(Beginning of PROVIDED MATERIAL)

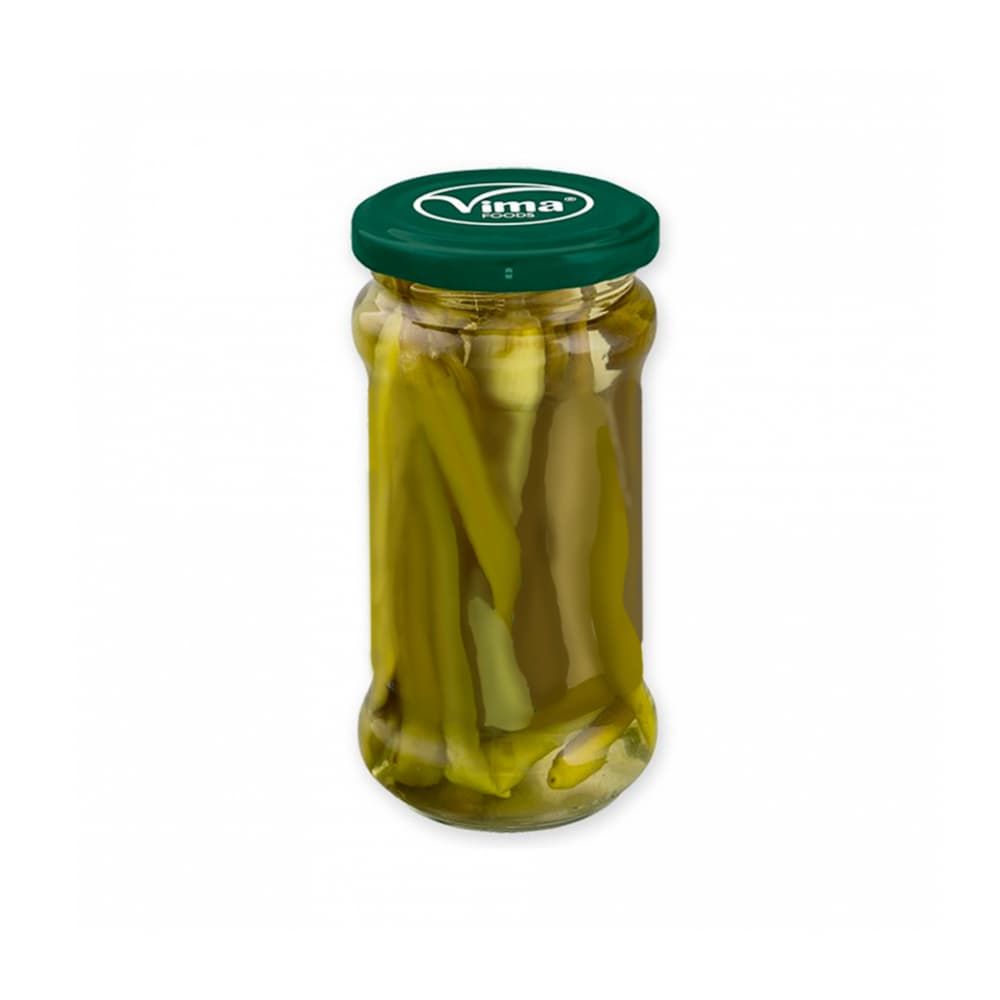 Guindillas en vinagre Vima Foods (290 g / 10.22 oz) - Miniatura 2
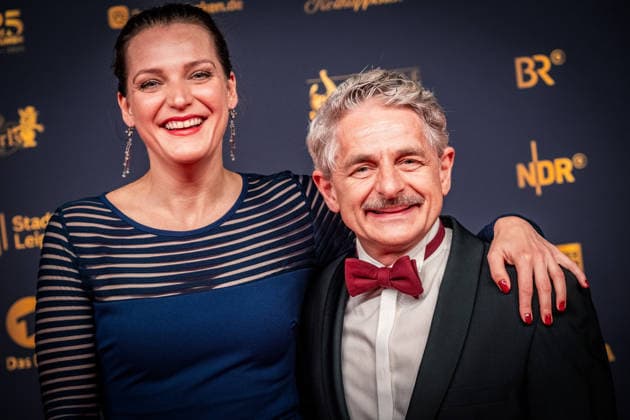 LEIPZIG, DEUTSCHLAND 4. SEPTEMBER 2026 Verleihung der Goldenen Henne 2026 auf dem roten Teppich in der Messehalle 1 in Leipzig. Bei der Gala werden erneut Persönlichkeiten aus Unterhaltung, Fernsehen, Musik und Sport ausgezeichnet. Volker Zack Michalowski Goldene Henne 2026 - Roter Teppich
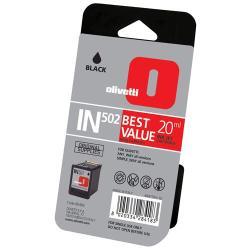 Olivetti B0495 Black Original Cartridge - Any-Way Photo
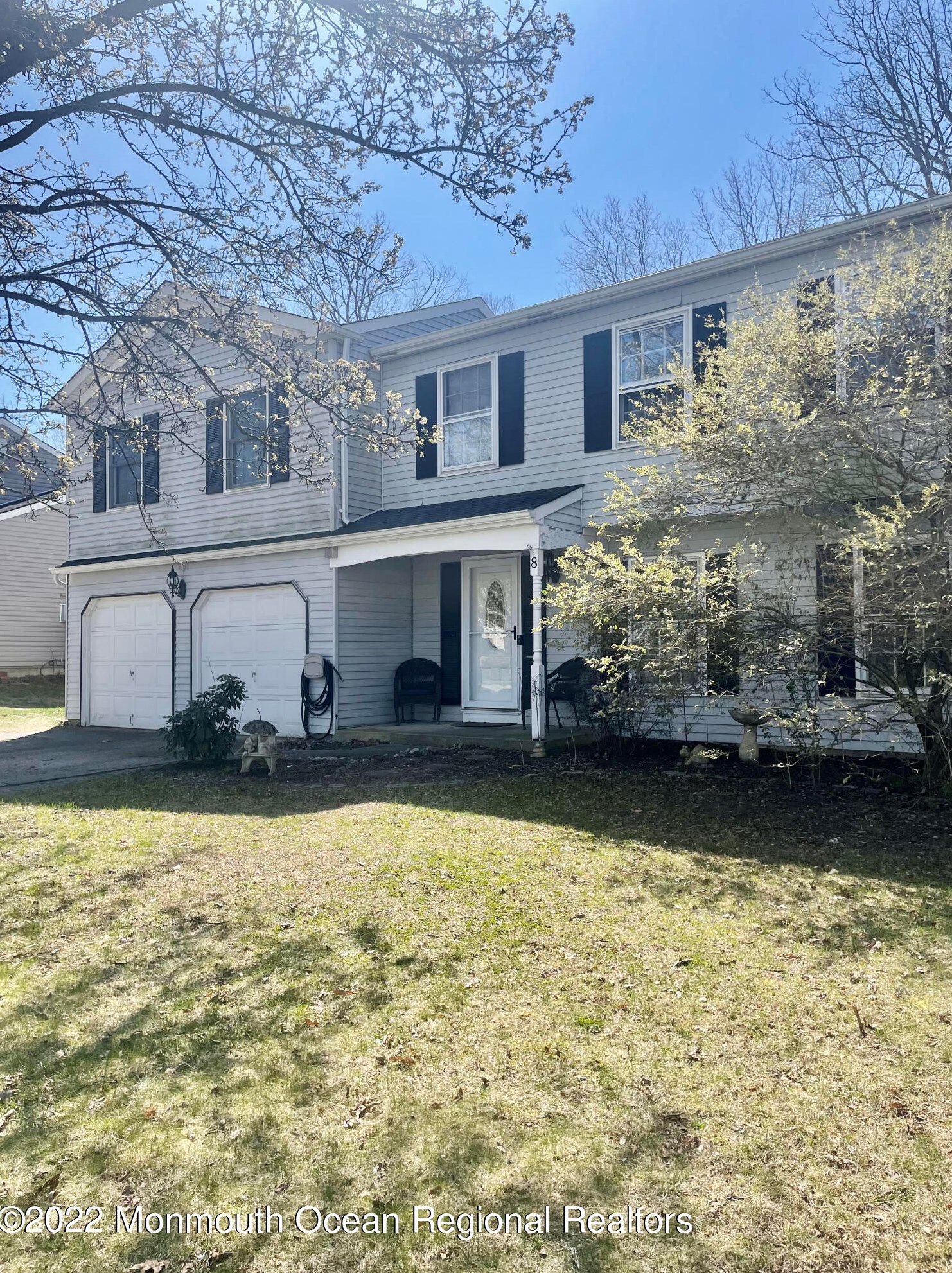 8 Weymouth Dr, Wall Township, NJ 07731-1574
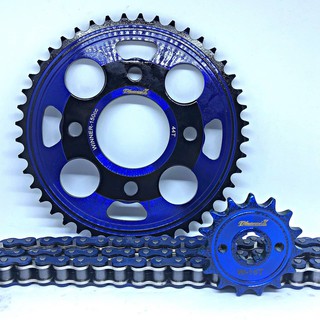 Nhông Sên Dĩa Phoenix- Winner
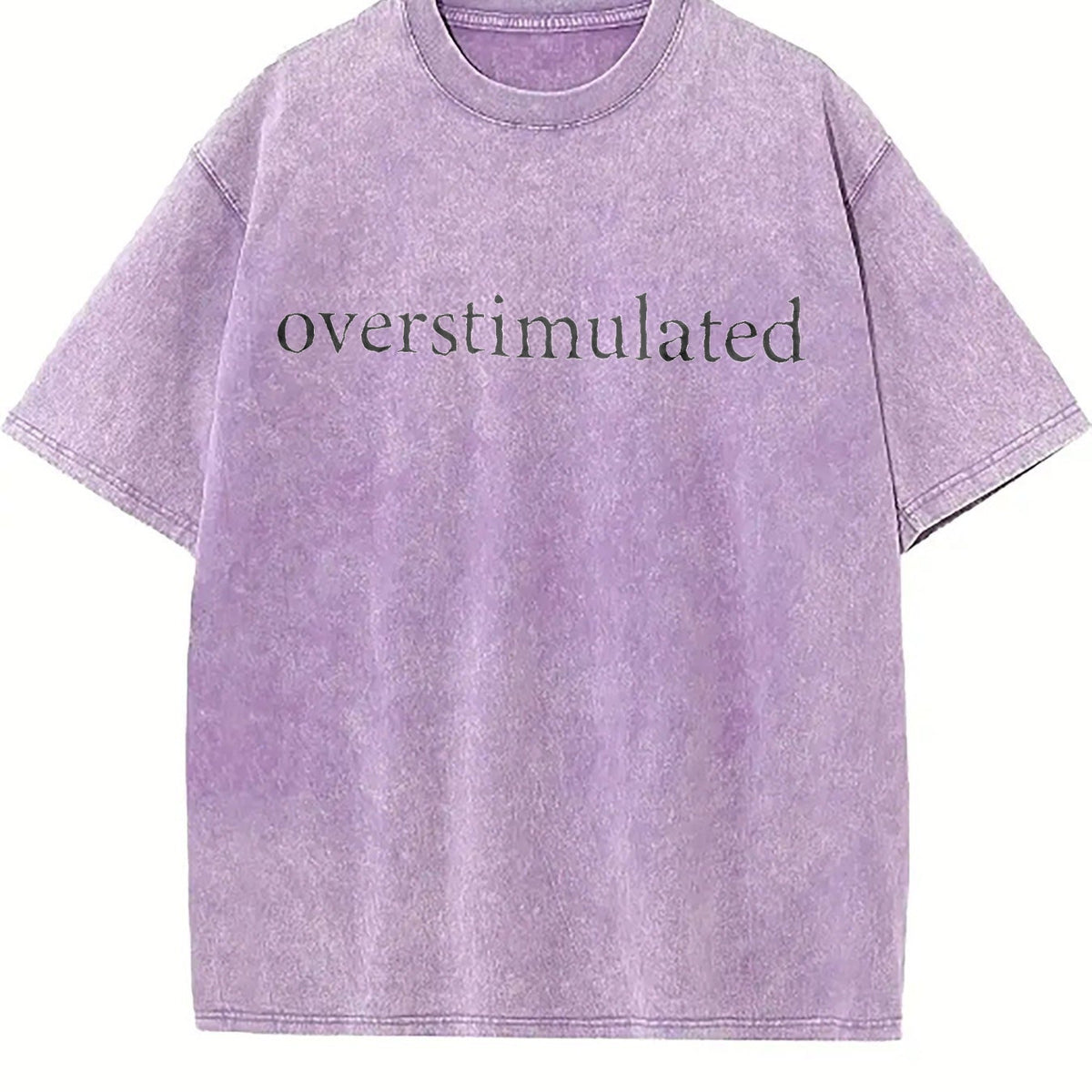 Ladies' American Pink Overstimulated Letter Large Short product image 6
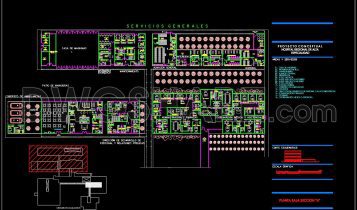 Free Hospital CAD Drawings – Download DWG Files for Design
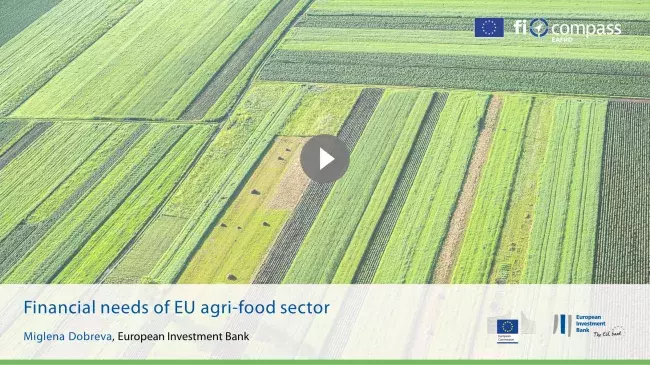 Miglena Dobreva, European Investment Bank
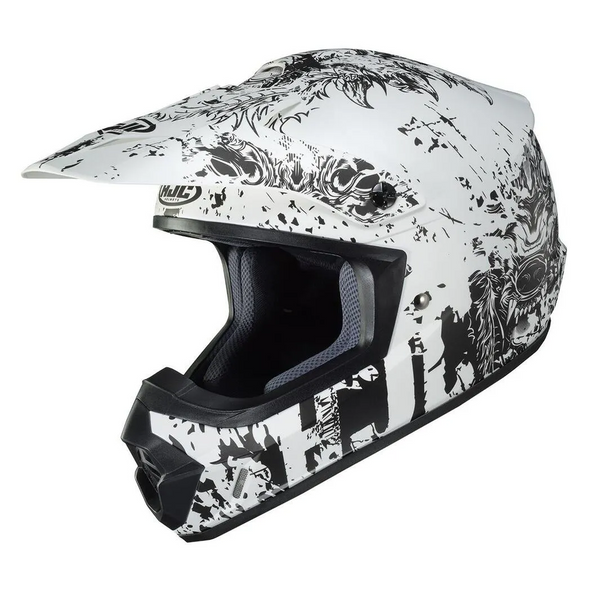 HJC CS-MX 2 Helmet - Creeper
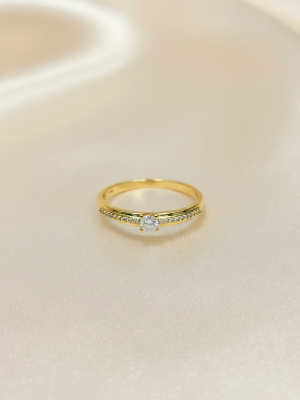 Кольцо КТ030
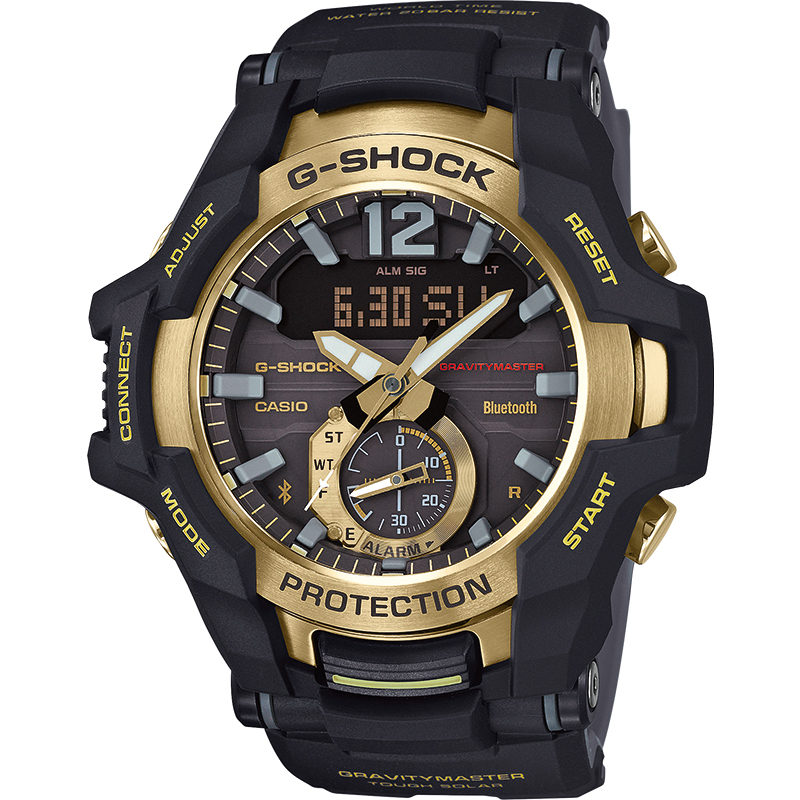 Ceas Casio G-Shock Gravitymaster GR-B100GB-1AER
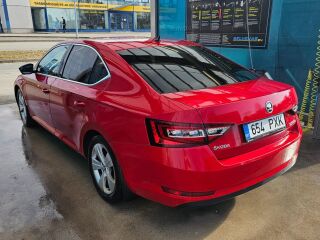 Skoda Superb 2.0 110kW
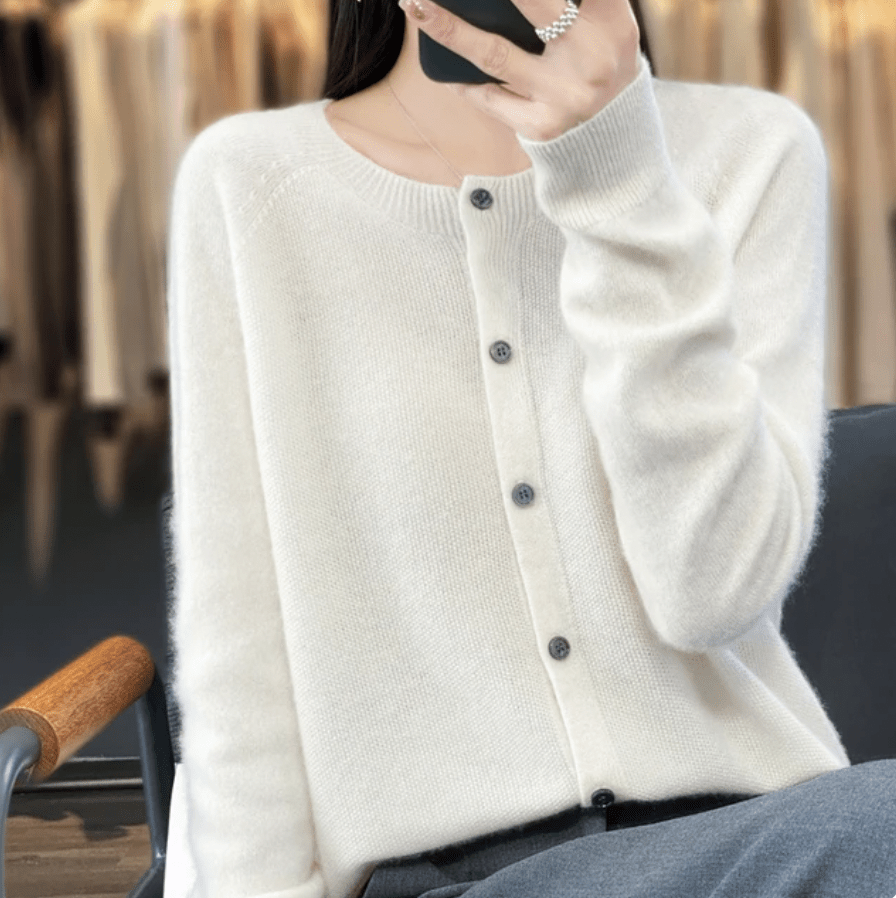 Annika | maglione morbido autunnale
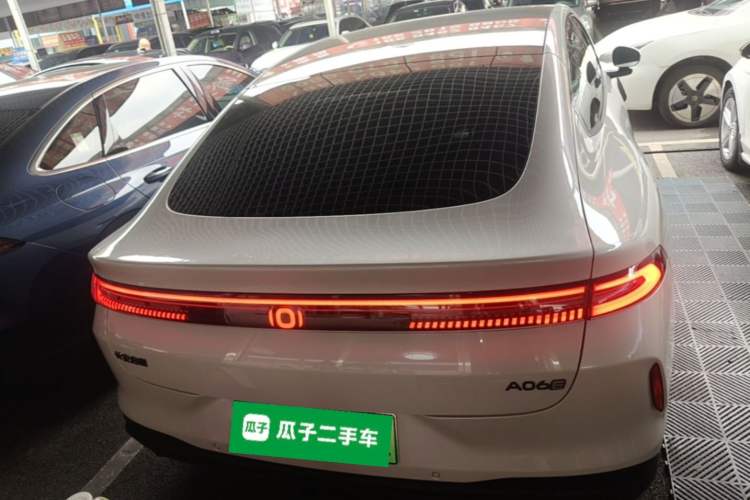 Used CHANGAN NEVO A06 2026 Model 630 Comfort Ultra Rear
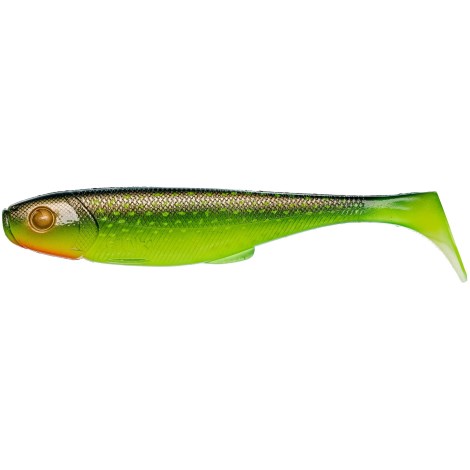 GUNKI - Gunzilla 23 cm UV fire pike - kopyto/ripper 1 ks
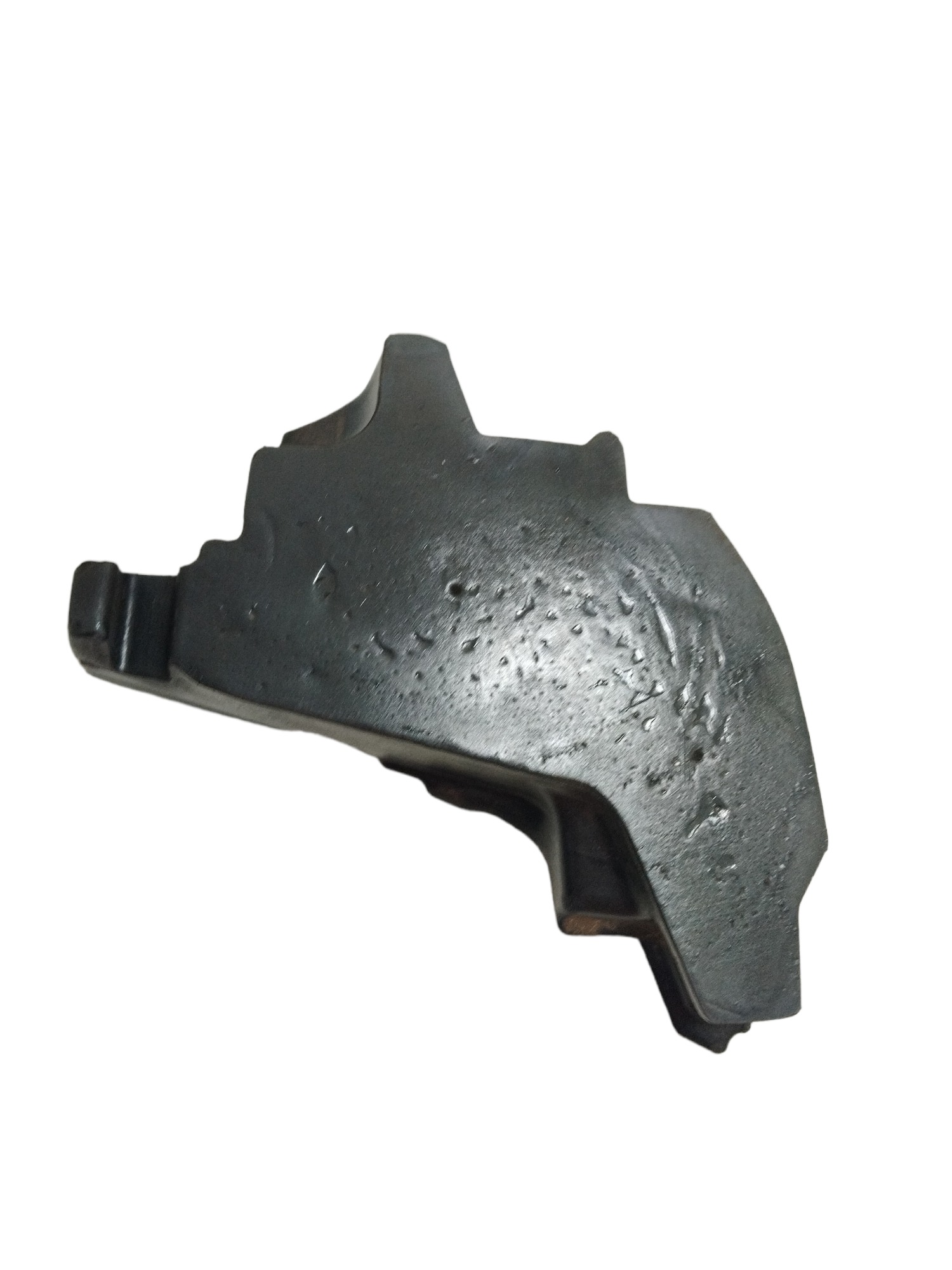 Defletor Paralamas Direito Corolla Cross 2022  531530a030 Preto 7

(End of PROVIDED MATERIAL)

# TASK DESCRIPTION
Exercise for the records above: copy only the lines from the one with "Кольцо КТ030" to the one with "GUNKI - Gunzilla", both ends kept, and drop the pictures.

# ANSWER TO THIS TASK
 Кольцо КТ030
 Ceas Casio G-Shock Gravitymaster GR-B100GB-1AER
 Skoda Superb 2.0 110kW
 Annika | maglione morbido autunnale
 Used CHANGAN NEVO A06 2026 Model 630 Comfort Ultra Rear
 GUNKI - Gunzilla 23 cm UV fire pike - kopyto/ripper 1 ks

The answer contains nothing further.